╭─ Input data

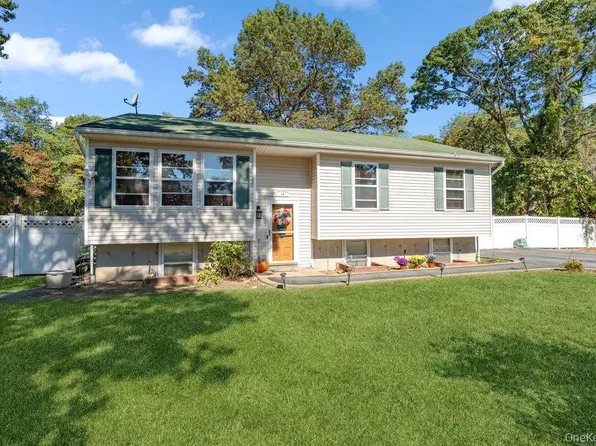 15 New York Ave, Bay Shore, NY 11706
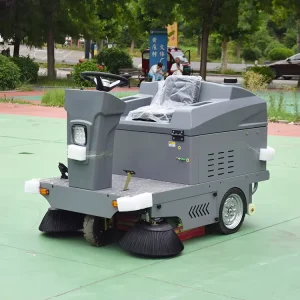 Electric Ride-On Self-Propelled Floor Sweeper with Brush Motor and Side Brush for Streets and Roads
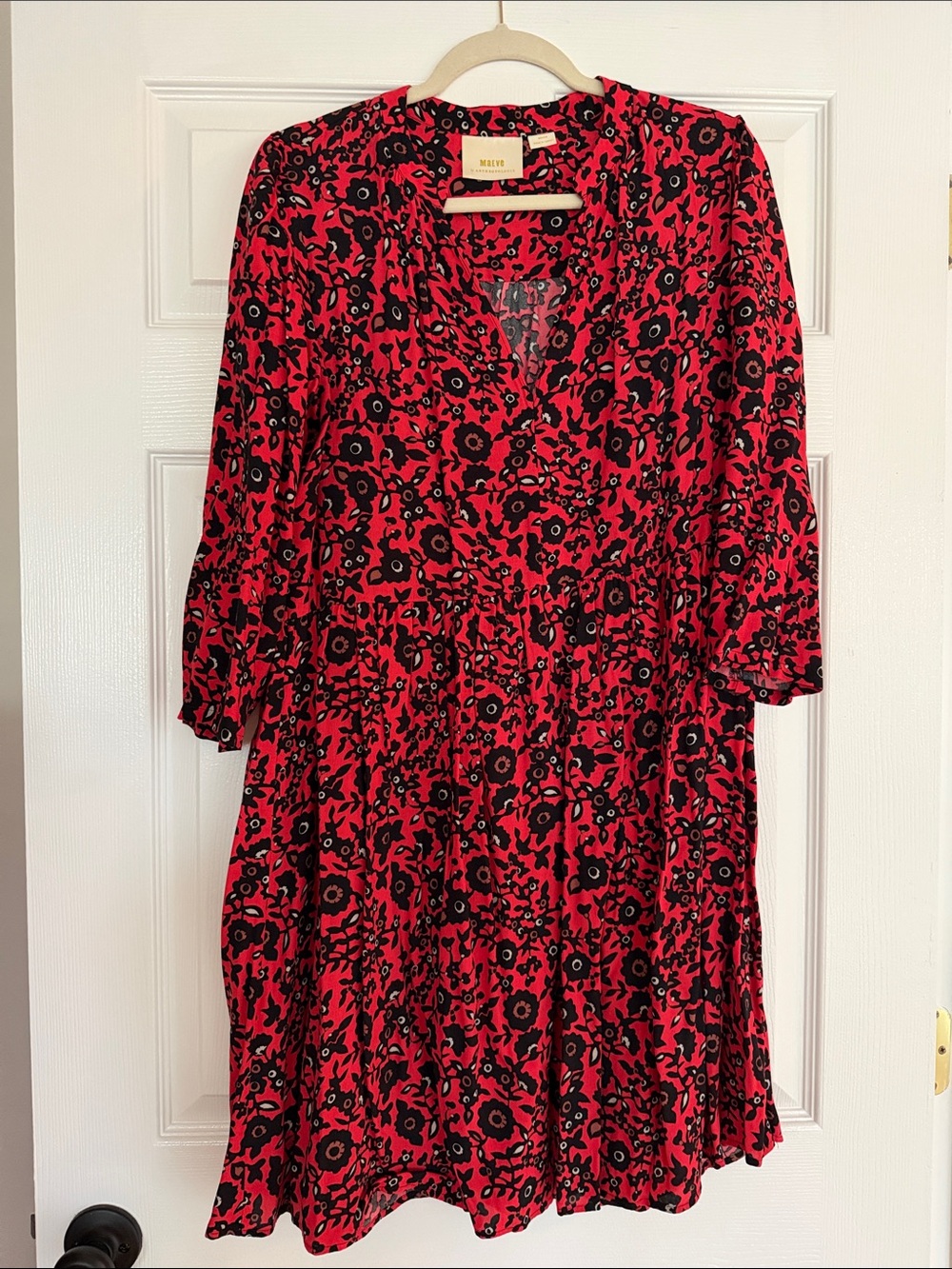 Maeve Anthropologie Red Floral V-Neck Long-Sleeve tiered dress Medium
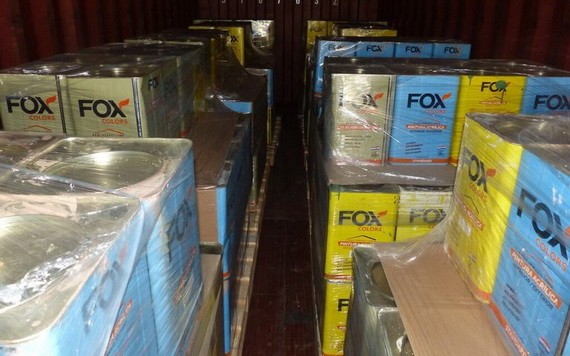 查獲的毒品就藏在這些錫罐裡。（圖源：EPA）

╰─
╭─ Input data

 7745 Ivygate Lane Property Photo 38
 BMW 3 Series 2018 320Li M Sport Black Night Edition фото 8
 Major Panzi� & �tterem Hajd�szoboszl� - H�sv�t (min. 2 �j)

╰─

Transcribe, from the material above, the stretch starting at the line with "15 New York Ave, Bay Shore, NY 11706" and ending at the line with "查獲的毒品就藏在這些錫罐裡。（圖源：EPA）", both included, exactly. Do not carry over pictures.

 15 New York Ave, Bay Shore, NY 11706
 Electric Ride-On Self-Propelled Floor Sweeper with Brush Motor and Side Brush for Streets and Roads
 Maeve Anthropologie Red Floral V-Neck Long-Sleeve tiered dress Medium
 查獲的毒品就藏在這些錫罐裡。（圖源：EPA）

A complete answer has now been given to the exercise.